Finding cairns became the task at hand, as the trail was very indistinct in places, and in the absence of any sunlight (and no moon), other visual clues that normally make navigation easier (e.g., being able to see a more distinct stretch of trail further down in a particular direction, or to line up more than one set of cairns, or to seen signs of foot traffic in the dirt or worn sections of rock) were unavailable to us. Even when we were able to locate a cairn, it wasn't always obvious which direction to head from that point. We got off track more than once, but with the exception of one section (where I climbed up about a 100 ft. of particularly steep canyon wall, thinking we needed to get one band higher before wrapping around an outcropping), were able to correct ourselves without too much wasted energy. My kids, meanwhile, entertained themselves, by keeping track of how many spiders, scorpions, and stink bugs they saw as we made the 1.5 mi., 1300 ft.climb to the junction with the Surprise Valley connector trail. Ultimately, I adopted a "Flatiron" mentality, telling myself that the goal is to climb up the drainage. And even though there was no moon, the starlight allowed me to pick out the outline of Cogswell Butte against the dark sky at the southern end of Surprise Valley as a bearing point.
At length, we made it to the junction and breathed a sigh of relief, as the terrain leveled out and we knew our water cache was near by.
We veered left at the junction and headed towards the Thunder River junction and our precious water cache.
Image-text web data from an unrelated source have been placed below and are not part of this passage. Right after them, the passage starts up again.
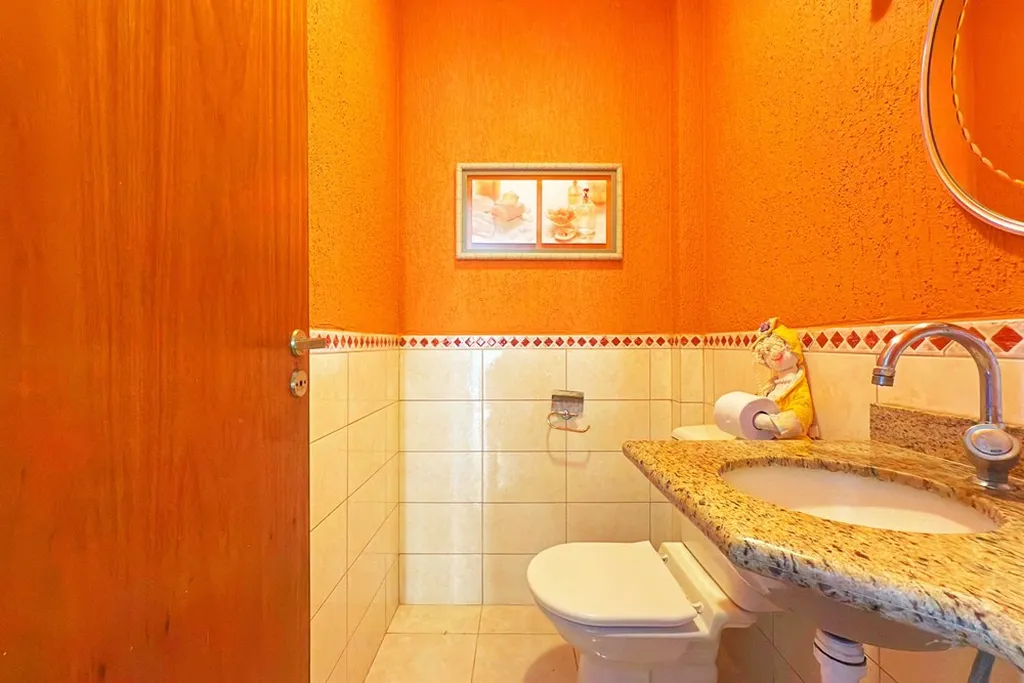 Imagem Casa de Condomínio em Ipanema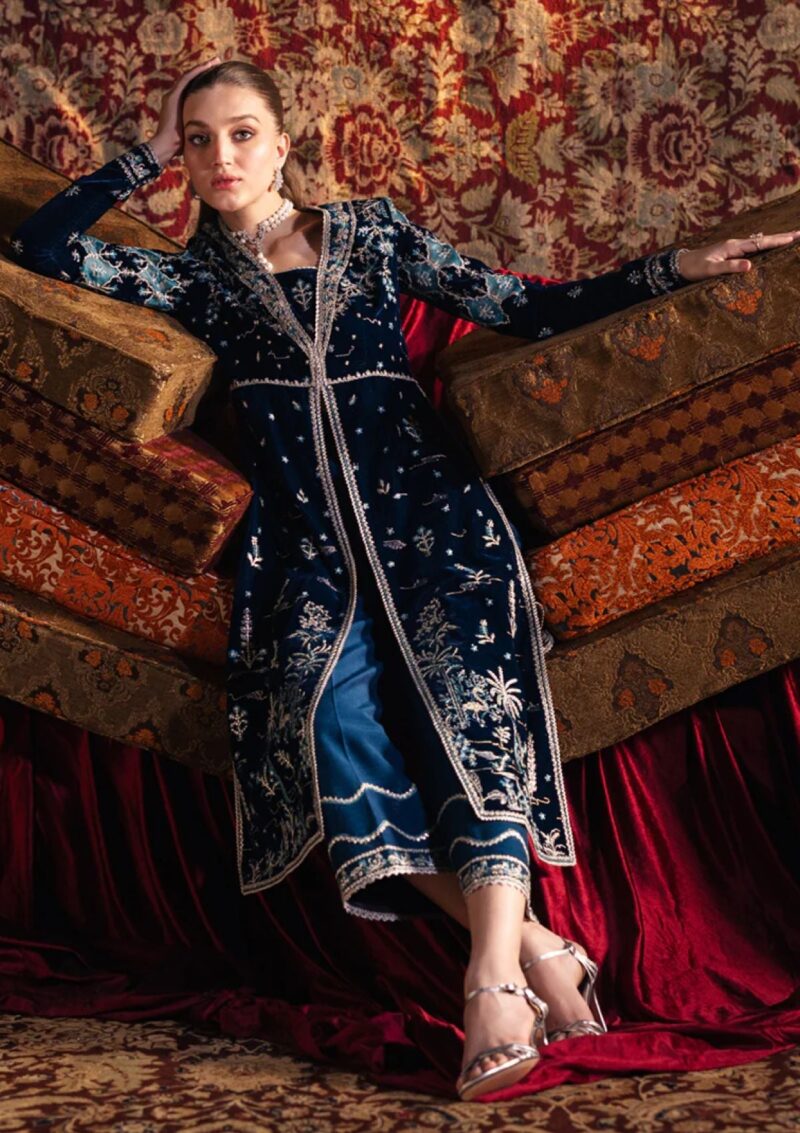 Qalamkar Qv24 07 Liyana Winter Collection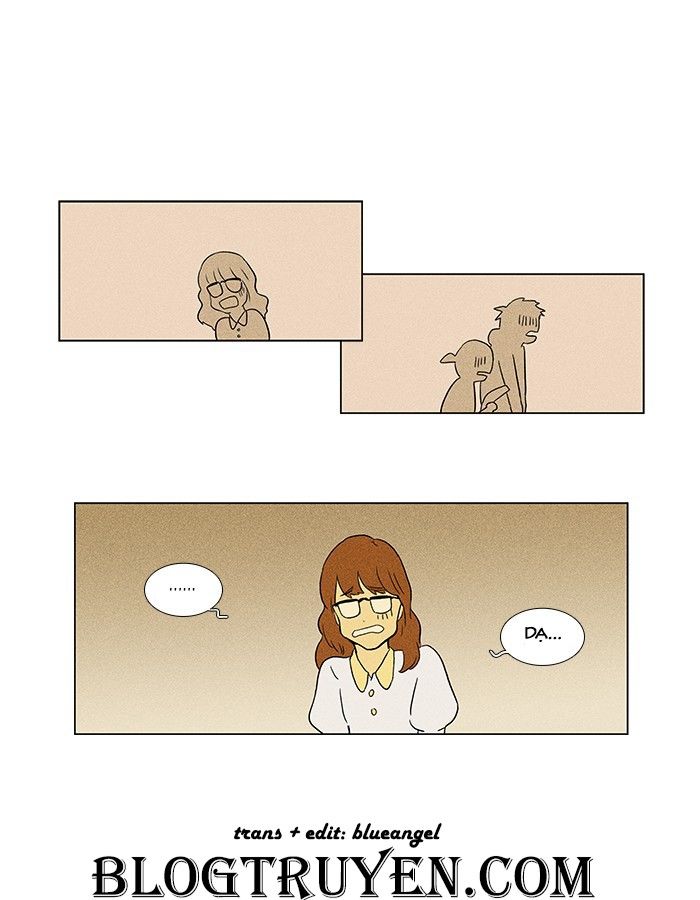 Cheese In The Trap: Chapter 46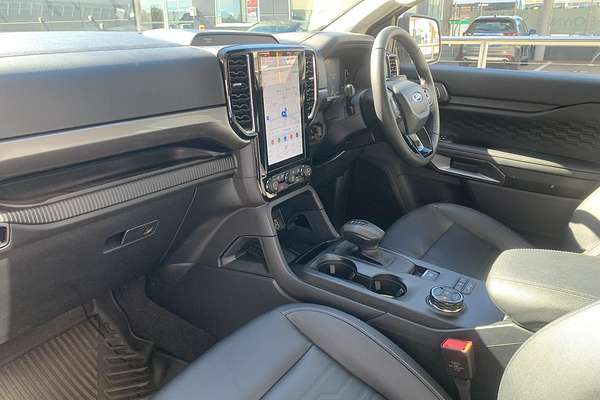 2024 Ford Ranger Sport 4X4 3.0L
Along the way, we came to what I think is probably one of two "trees" (i.e., oversized bushes) on the west side of Surprise Valley. The area surrounding it was relatively flat and clear--a better spot than we had scoped out a couple of days earlier--so we dropped our packs around 8:30 pm, and made camp there, while my son and I retrieved our water cache another .25 mi. down the trail. [Note: We passed several flat, clear campsites on the east side of Surprise Valley, closer to the Thunder River descent.]
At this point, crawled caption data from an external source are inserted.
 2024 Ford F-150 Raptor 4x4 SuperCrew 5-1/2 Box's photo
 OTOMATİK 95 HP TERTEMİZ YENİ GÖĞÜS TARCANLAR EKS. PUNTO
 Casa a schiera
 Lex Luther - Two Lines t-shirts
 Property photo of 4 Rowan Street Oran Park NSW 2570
I was tempted to sleep tent-less again, but my wife convinced me to set up the tent. That was a good call, as I think the smell of our three days on the trail attracted every mosquito for miles around.
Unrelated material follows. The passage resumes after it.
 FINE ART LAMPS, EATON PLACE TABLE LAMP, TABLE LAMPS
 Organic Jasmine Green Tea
Although we were "safe" in our tents, I could hear them all night long, just outside the tent trying to figure out a way in to the fresh meal inside ...
Day 5 (Monday)--Hike from Surprise Valley out
We woke up before dawn on Monday in an attempt to beat the sun up the Redwall to the Esplanade. We were mostly successful, though the sun caught us on the final .25 mi. of the ascent. The trek back across the Esplanade was pleasant. Most of the pools of water we had seen on the way down and dried up in the interim.
Just before we reached the Bill Hall junction, we crossed paths with a ranger who was making his way down canyon to do the loop we were just finishing. He checked our permit. We told him that that Deer Spring was not running, so he could pass that info along to others along the route.
Stopped for lunch at our cache site at the bottom of the final 2.6 mi., 1,700 ft. ascent. Ended up dumping out about 3/4 gallon of the water we cached (after filling up what we needed for the climb, and dousing our hats/shirts/bandanas, etc.).
We made steady progress to the top, and passed a handful of groups on their way down. The "tricky" area 1.5 mi. from the top was much easier to climb up. We celebrated upon topping out at Monument point, but the still had what seemed to be an inordinately long .7 mi. back down to the TH from there.
After stowing our pack and donning our "victory shoes" (sandals), we drove over to the RV campground just south of Jacob Lake and availed ourselves of much needed showers (9 quarters for 5 minutes), before hitting Jacob Lake Inn for well-deserved burgers and fries! Topped it off with a pit stop in Flagstaff for frozen custard at Freddy's.
Arrived home, pooped but supremely satisfied, at 11:30 pm.
What a trip! Going to be hard to top this one!
**Unfortunately, something in my GPS track got corrupted, so I was only able to download the track for the last day. The mileage is what shows on my GPS watch (seems a bit high, but maybe--with various side trips and backtracking at points). AEG is a best guess.